Problem tylko w tym, że mają coraz więcej zwolenników, bo modna stała się krytyka rządu, oczywiście nie tylko w kręgach lewicowo-liberalnej opozycji, ale także wśród tych, którzy byli beneficjentami 12 hojnych lat tak daleko, poprzez różne dotacje państwowe. Ale teraz świat się zmienił, powodem wszystkiego jest Orbán. Nie wcześniej, ale teraz. Oczywiście nie zaprzeczajmy, że są rzeczy, na które nie zawsze można się zgodzić, zwłaszcza z komunikatem, że za wszystko odpowiada Bruksela. Opinia ta jest w dużej mierze do zaakceptowania, ale wynikające z niej jasne stwierdzenia, że za wszystko odpowiada Orbán, są przesadą.
Ale w dzisiejszych czasach modne jest przejmowanie idei DK i wyrażanie ich nawet wśród tych, którzy deklarują neutralność polityczną, bo teraz czują się trochę zestresowani. Z oburzeniem mówią, że za gaz w ich willi będą płacić zimą 400 tys. ekolodzy. Za to też możesz podziękować Orbánowi!
Rzeczywistość powoli zanika,
których człowiek zaczyna się męczyć, a nawet mieć dość tej lewicowo-liberalnej polityki, która zamierza wywrócić świat do góry nogami.

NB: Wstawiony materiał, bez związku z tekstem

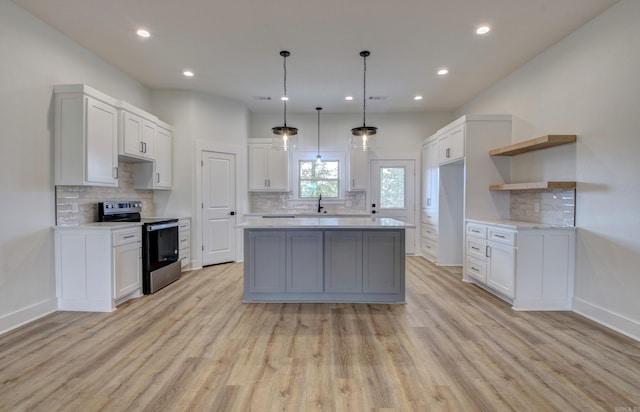 kitchen with white cabinetry, stainless steel electric range, and light hardwood / wood-style floors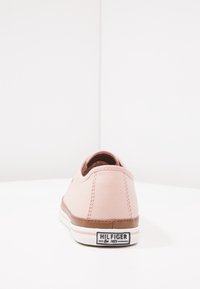 Sneaker in tela rosa con un design a profilo basso, suola in gomma marrone e dettagli bianchi. Logo stampato sul tallone. Texture liscia.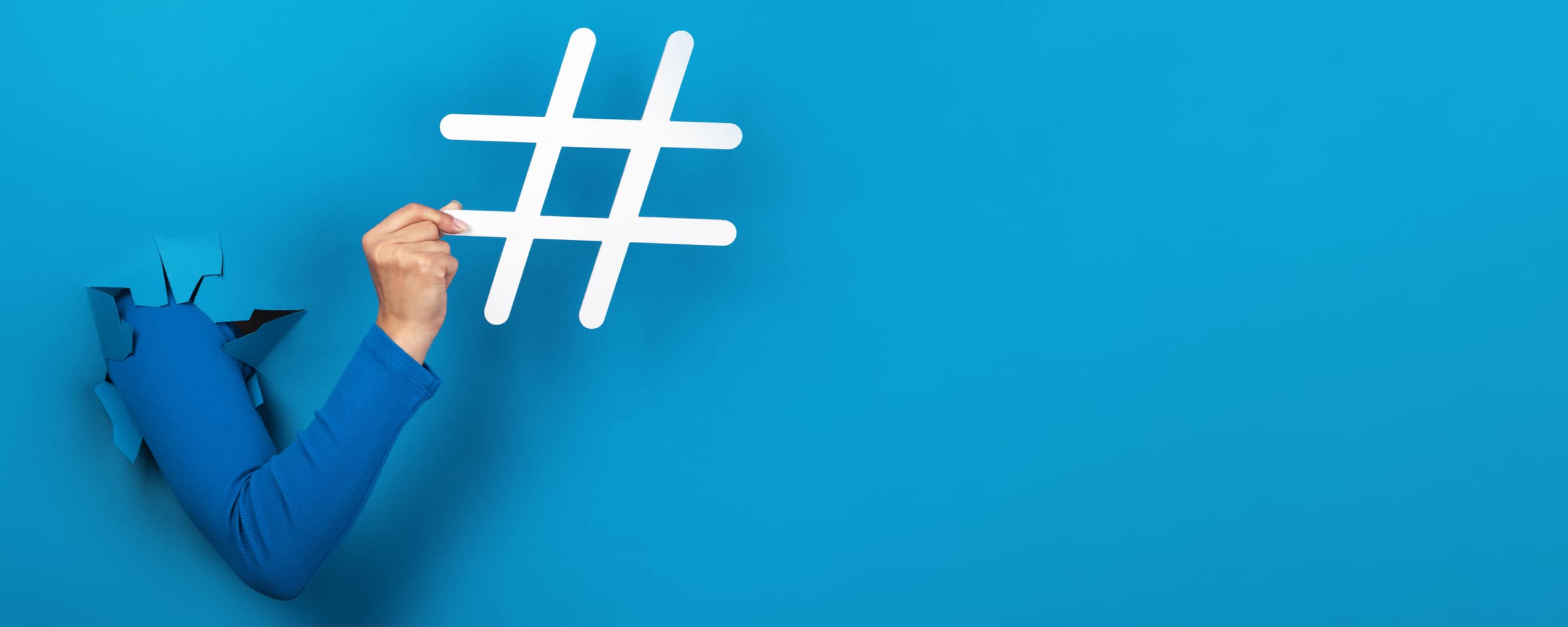 Arm die door een blauwe muur breekt en een groot hashtag-symbool vasthoudt.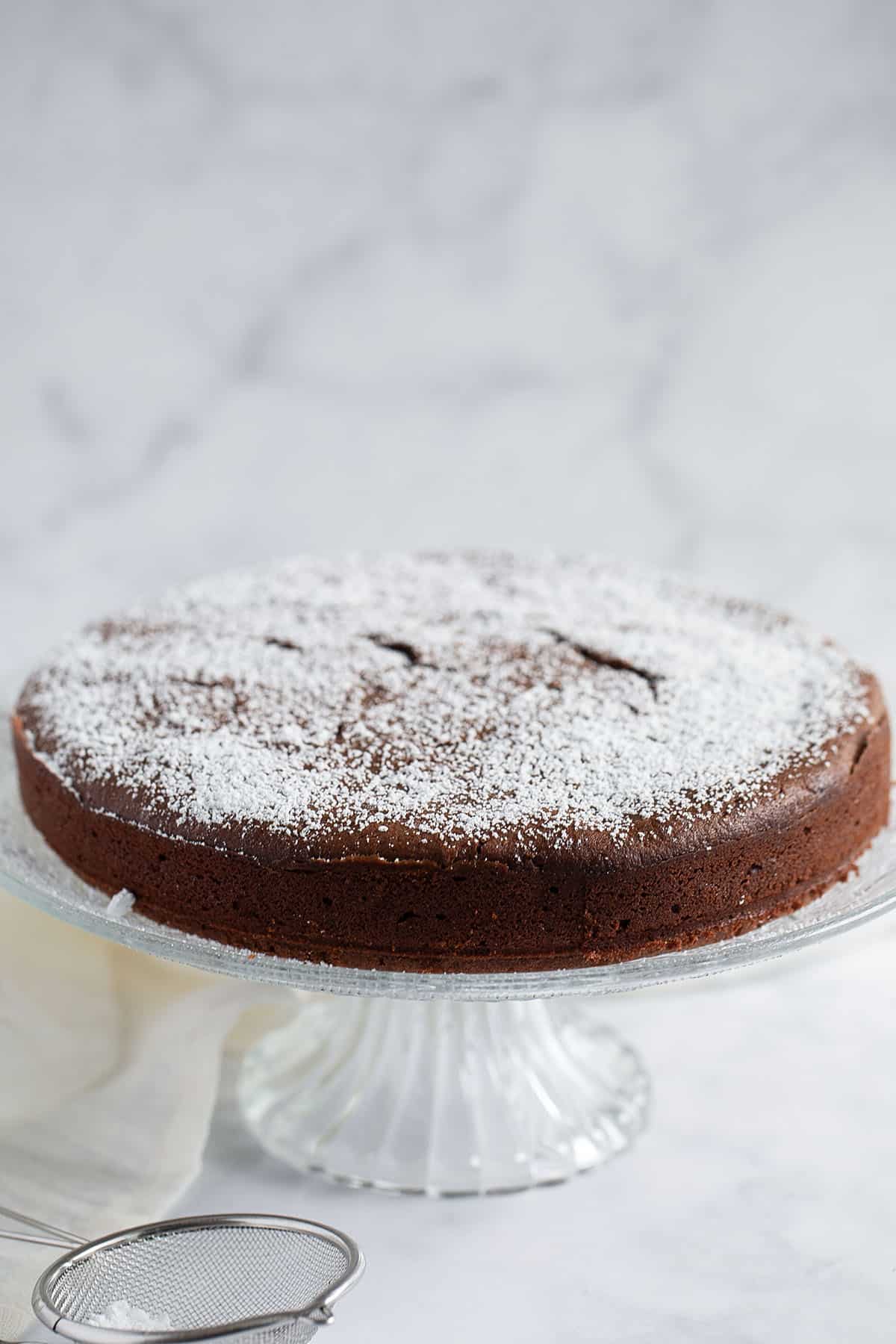 chocolate and ricotta cake dusted with confectioner's sugar on a tall cake platter.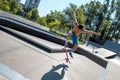 Skateboarder doing tricks on his skateboard during a sunny day Royalty Free Stock Photo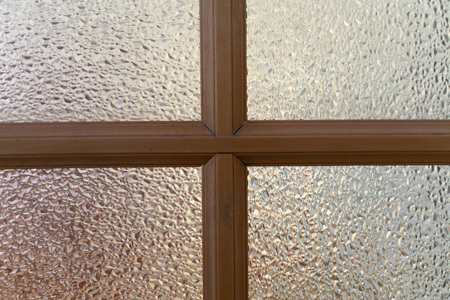 abstract background. window with wooden frame close-up.texture of corrugated glass. design for Wallpaper, or desktop. beautiful blur on the edges.の写真素材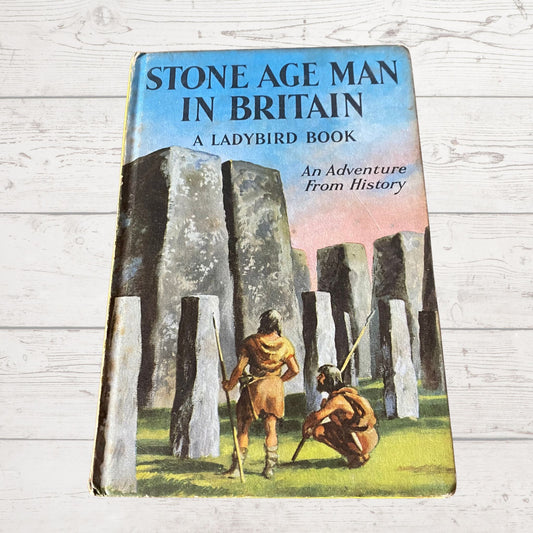 A vintage 1960s Ladybird book titled 'Stone Age Man in Britain', featuring illustrations of prehistoric characters and stone structures on the cover.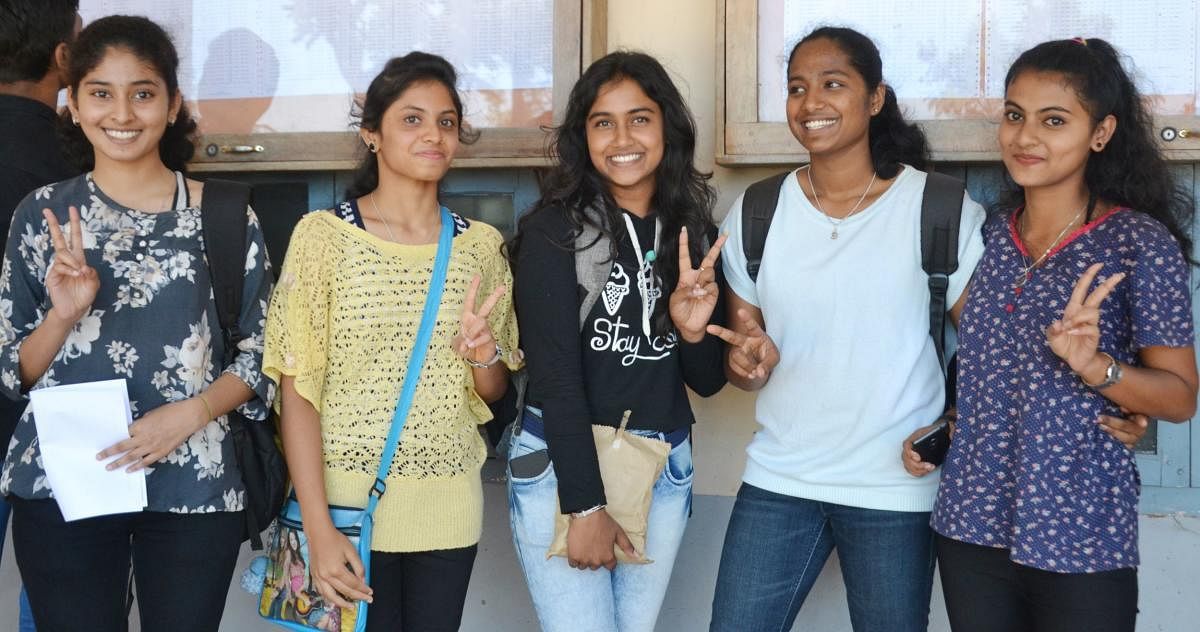 Students rejoice after checking their results in the II PU examinations in their college on Tuesday.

Jedynym problemem jest to, że rośnie lewicowo-liberalny obóz ludzi z zawężoną istotą szarą, z których większości nie można powiedzieć, że są perłami rozsądku. I nie oczekujemy od nich pomysłu Kálmána Mikszátha, według którego:
„Jak mądrze jest stworzony człowiek, Apolonio. ... Narzeka, że nie ma dość pieniędzy, że nie ma wystarczającej ilości pszenicy, zdrowia, spokoju ducha, ale nigdy nie słychać, żeby narzekał, że nie ma wystarczającej ilości rozumu ”.